世界とは、貴方について書かれた書物である。

 一週間ぶりの更新です。




 これまで書いてきた中世の神学を元にした思索をまとめているところですが、さらに二つのことにチャレンジを始めました。




 これについては、いずれここでご報告できたらと思っています。




 これまでしてきたことの延長上のことだと思ってください。




 さて、キリスト教ばかりを扱うことが多いわけですが、さいきん、自分がしていることで、実際のイエスがどうだったかということを考えてみるようになりました。




 たぶん、というか、おそらく、彼は嫌われ者だったのです。




 もちろん、彼の本質を知って彼についていった人たちは多いのですが、その一方、彼をうとましく感じていた方がもっと多かったことでしょう。




 彼は、どうやったら、自分を嫌う人たちにかかわり、理解を得られるかを考えたことだと思います。




 なんのことはない。まさに、この事実を事実として受け止めることです。





 自分は嫌われている。このことを把握した上で、行動すればよいのです。




 はじめから、嫌われたくないと思っていたら、なんのかかわりを持つこともできません。




 相手は、自分をはじめから嫌っている。また、そういう相手とかかわることが必然なのです。




 もとから共感してもらえてくれている人はごく僅かなのだと承知すべきでしょう。




 いや、じっさい、もとから共感してくれているのは皆無。




 みな、少しずつ共感をしてもらっていったのです。そして、仲間になってくれた。手伝ってくれるようになった。





 イエスは、そのようにやってきた。自分を嫌っている人たちとかかわること。それがすべて。




 だから、どんなに冷たくあしらわれようとも一向にかまわない。




 門前払いは当たり前で、ものをぶつけられたりすることは日常茶飯事。





 でも、これは、現代にも同じことが存在する。




 そっくり同じことはこのわが国でも確かに存在する。





 あなたは、自分に福音を伝えようとする人が突然訪れて、受け入れることができるでしょうか。




 21世紀の現代のわが国は、もうかつてのようなお人よしが集まった国ではなくなりました。




 人間不信の状況がわたしたちの周りを取り巻いています。




 自分のところにやってくる知らない人間は、下手をすれば不審者扱いにされます。




 「関係者以外の立ち入りを禁じる。もし発見されれば警察に通報します」という文字をあなたは見たことがありますか。




 気がつけばあちこちに監視カメラが置かれ、近づいてくる人を録画監視しています。




 あなたは、自分が映し出されているカメラ画像があることに悲しくはなりませんか。




 気がつけば、この国は、かつての共産圏のように、相互監視の社会になっているのです。

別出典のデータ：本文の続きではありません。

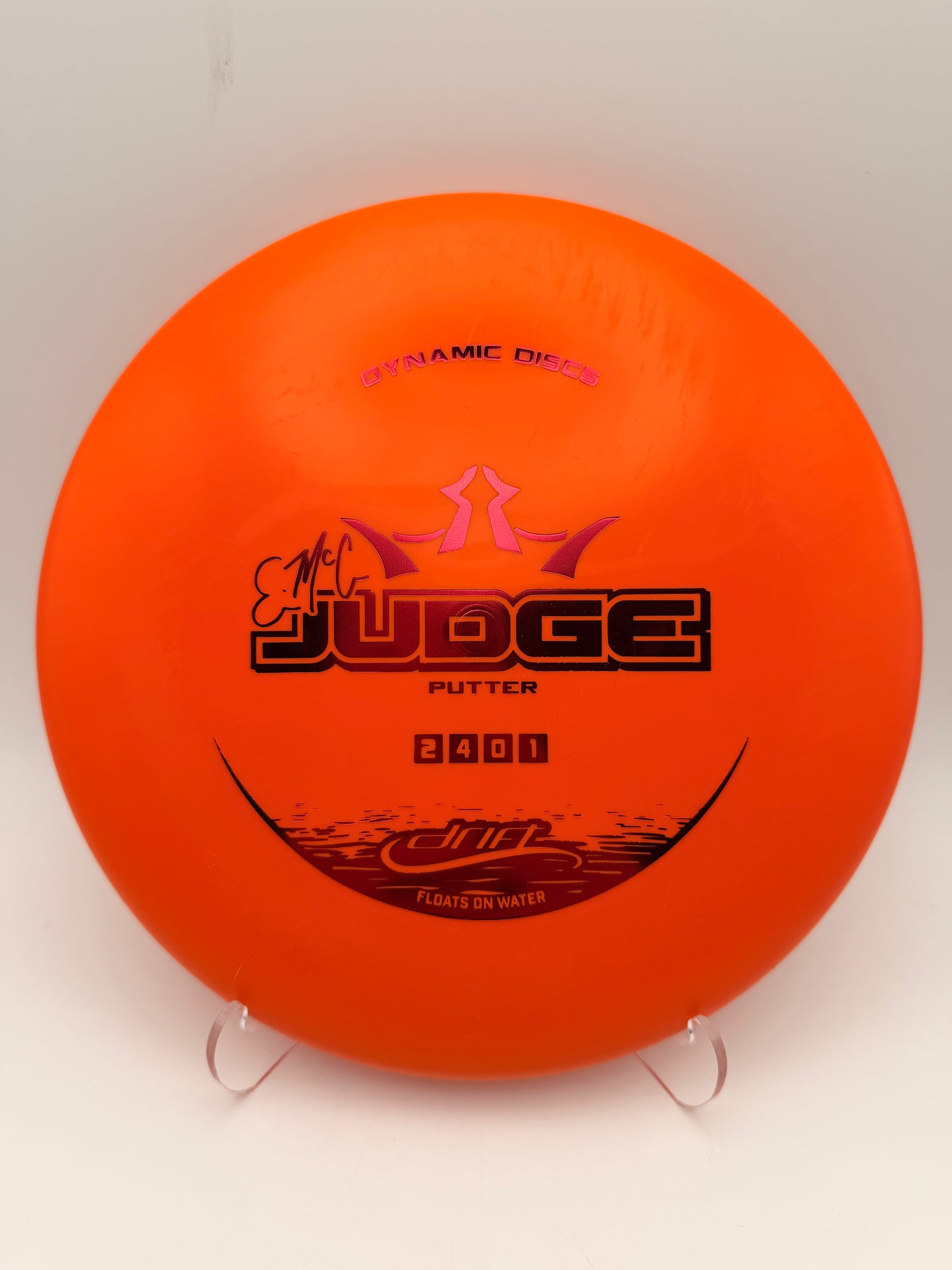 Dynamic Discs EMAC Judge Putter - Eric McCabe Signature Disc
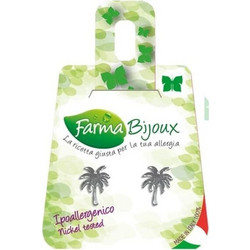 Farma Bijoux Γυναικεία Σκουλαρίκια Καρφωτά από Ορείχαλκο Ασημί BEA564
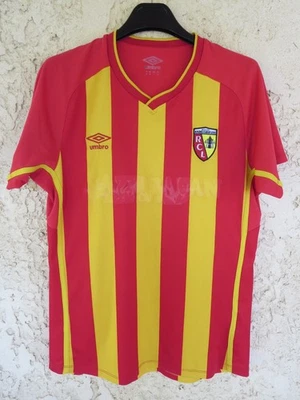 Maillot R.C LENS 2014 2015 UMBRO vintage football shirt sponsor effacé M - Photo 1/4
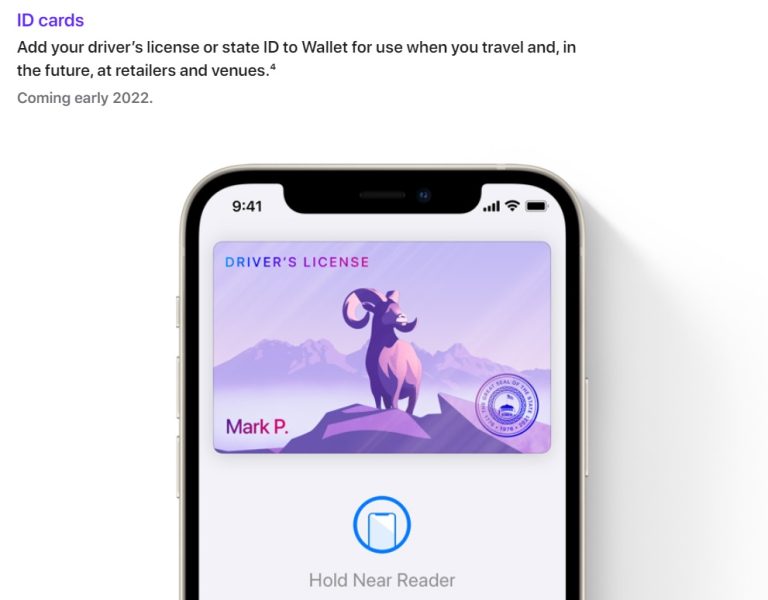 iOS 15 will let you add ID cards to the Wallet app in 2022.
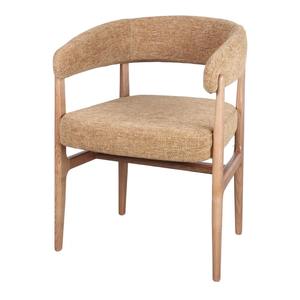 Silla de Comedor Minimalista de Madera de Teca Sólida con Asiento Tapizado para Restaurante, Cafetería y Comedor - Product Image 3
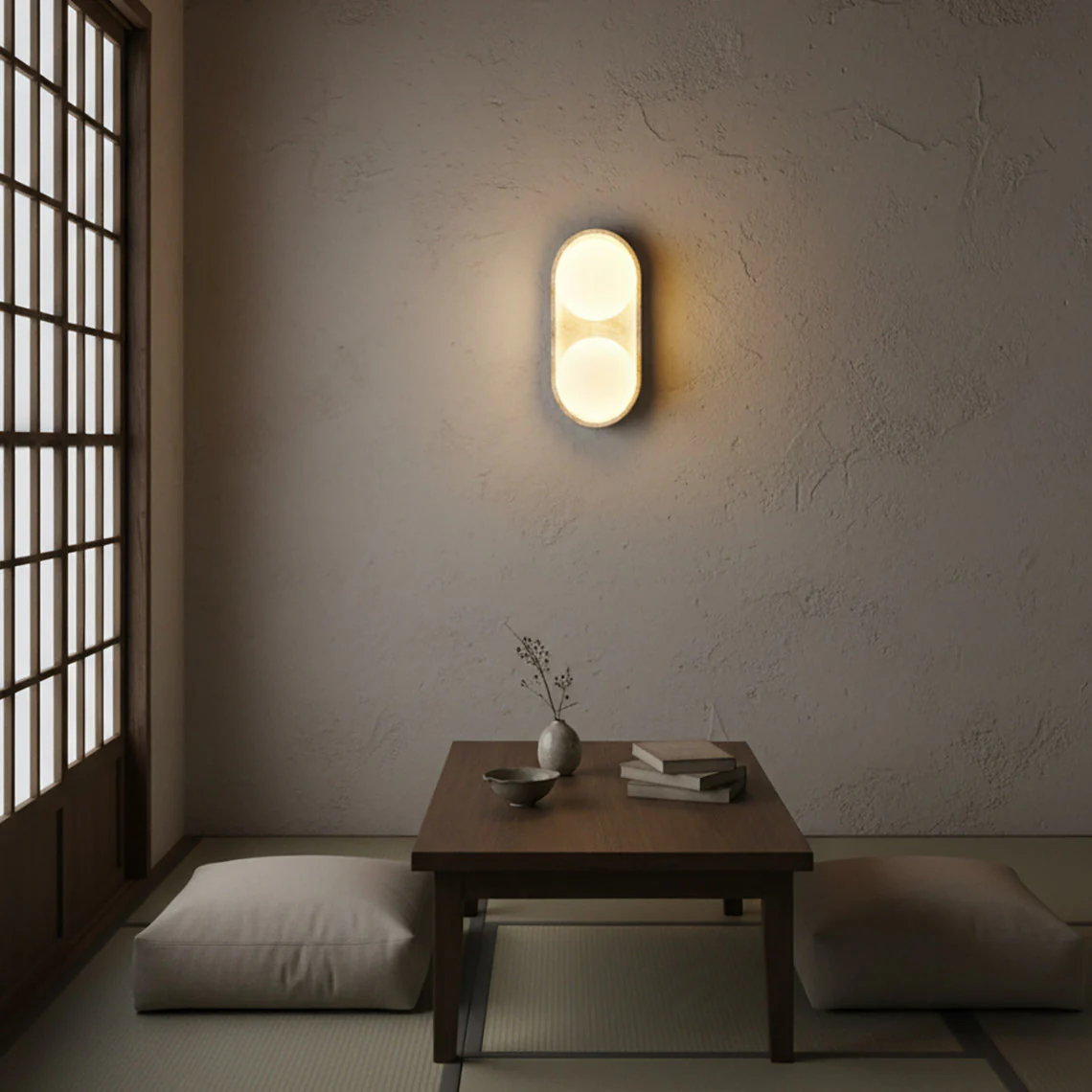 Paola Wabi-Sabi Travertine Wall Light - Image 3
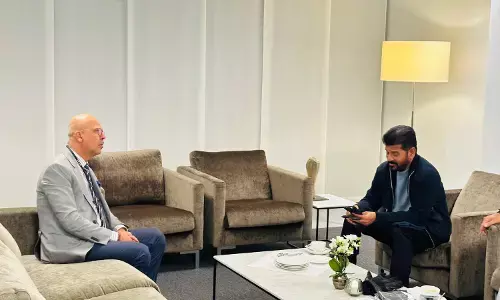 telangana chief minister revanth reddy to meet industrialists in davos today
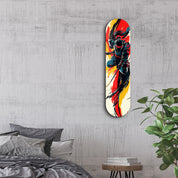 Ninja 3 | Glass Wall Art - Artdesigna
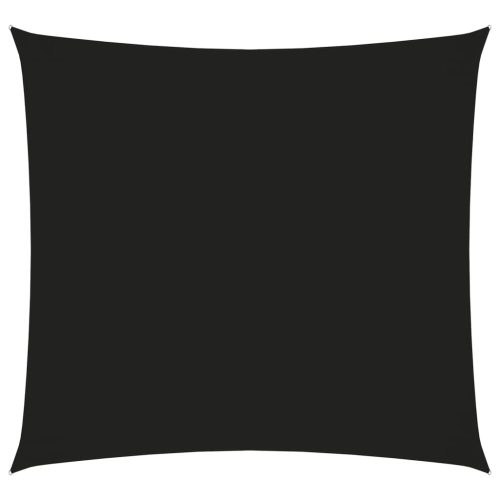 fekete négyzet alakú oxford-szövet napvitorla 2 x 2 m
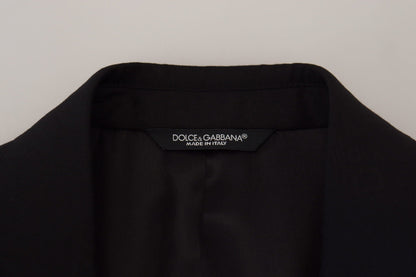 Dolce & Gabbana Elegant Martini Style Black Formal Blazer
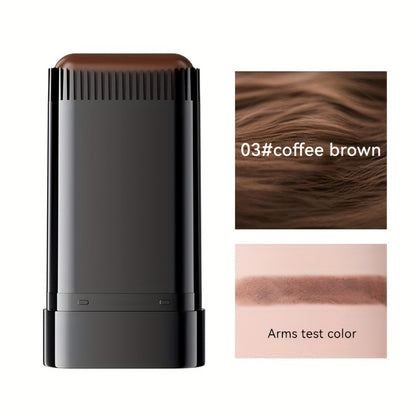 Hair Dye Stick with Built-in Comb - Waterproof Sweatproof Gray Coverage Touch-Up Stick | Easy Twist Applicator | Plant-Based Squalane | 3 Shades | On-the-Go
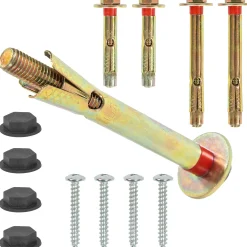 Tectake Voordeurluifel Transparant, , Transparant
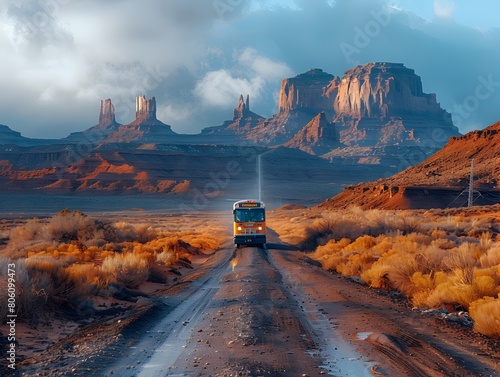 Nostalgic Surrealism: Public Transportation's Connection to Monument Valley's Timeless Beauty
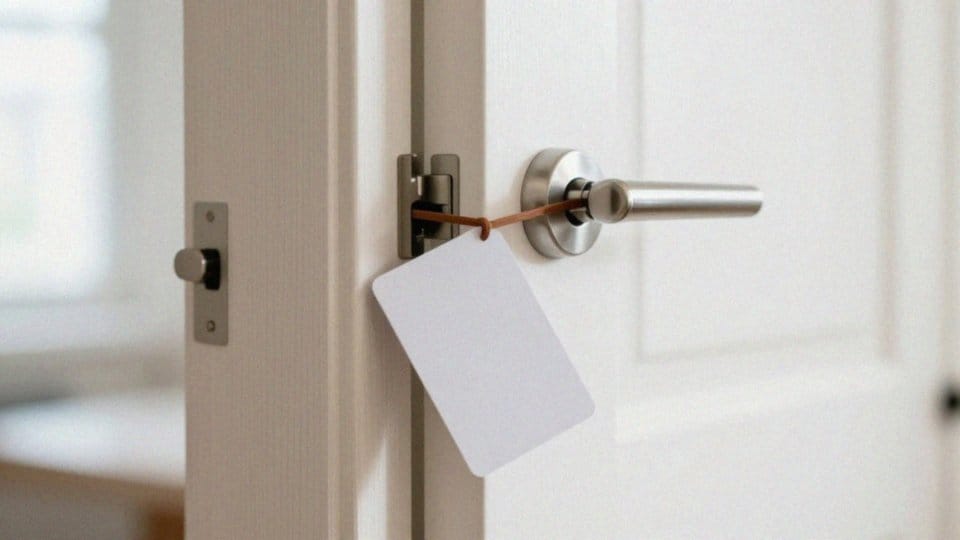 Jak użyć plastikowej karty i gumki, by zabezpieczyć drzwi?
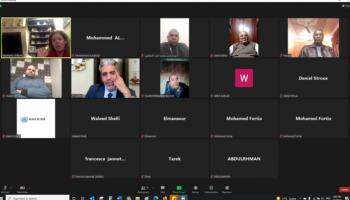 لقاء وليامز وعمداء بلديات ليبيا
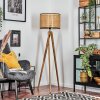 Ramila Staande lamp, Leeslamp Natuurlijke kleuren, Zwart, 1-licht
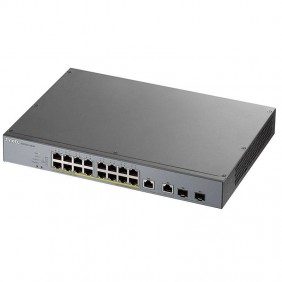 Switch GbE Zyxel a 16 porte Smart Managed per...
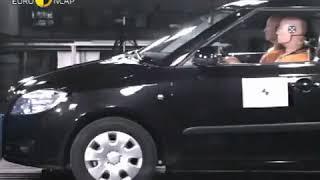 Crash test škoda fabia II | EURO NCAP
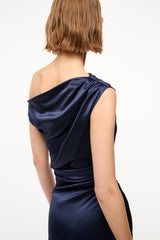 PHARE SILK DRESS | NAVY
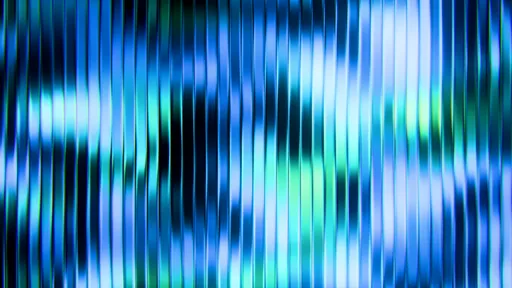 Fluted Glass Neon Cyber Wave Vertical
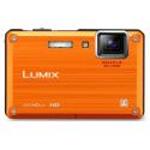 Panasonic Lumix DMC-TS1D Orange Digital Camera  12 1MP  4 6x Opt  MMC SD SDHC Card Slot
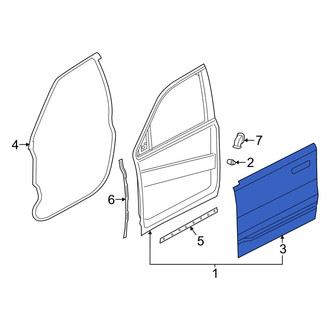 Ram OE 68573214AA - Front Right Outer Door Outer Panel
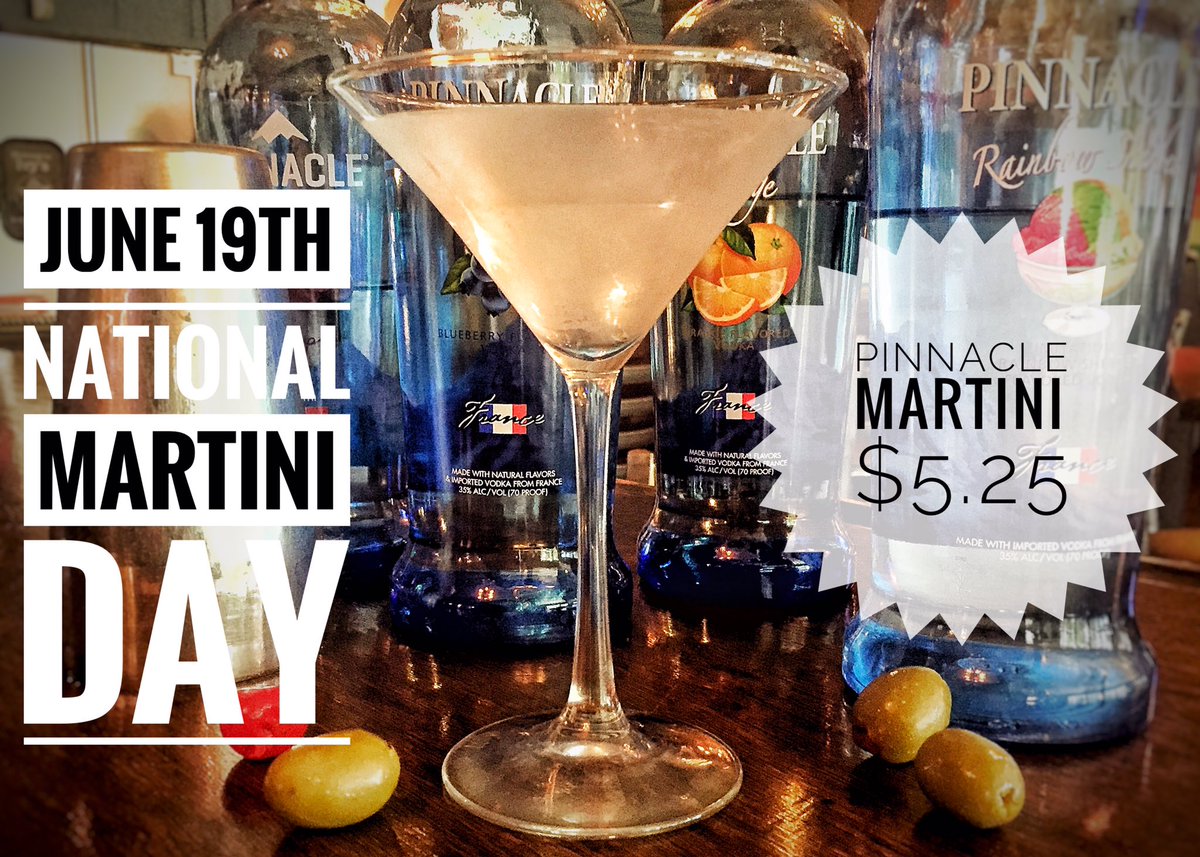 #NationalMartiniDay is starting early!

 これが果たして自由な民主的な、個人が大事にされる国の姿なのでしょうか。




 確かに変な人間はいるでしょう。しかし、そのまったくごく一部の人間のために、自分たちのよさが著しく損なわれていることを大いに憂えてなりません。




 イエスもまた、そういうものと闘ったのです。




 互いを信じることができない社会。そこで、互いが信じあうことができる社会を取り戻そうとしたのが、彼の行動なのです。




 あなたは、正義を取り違えてはいないでしょうか。




 正義とは、他人から個人の権利を守るためのものではなく、互いがよりよく生き合われる世界を構築することなのではないでしょうか。




 狭い自分たちの世界を守るために、いっさい外部のものが入ってこないようにしようとする、正義気取りの人たちを信用してはなりません。


 


 そういう人は、あちこちにいます。わたしもそういう人とかかわったことがあります。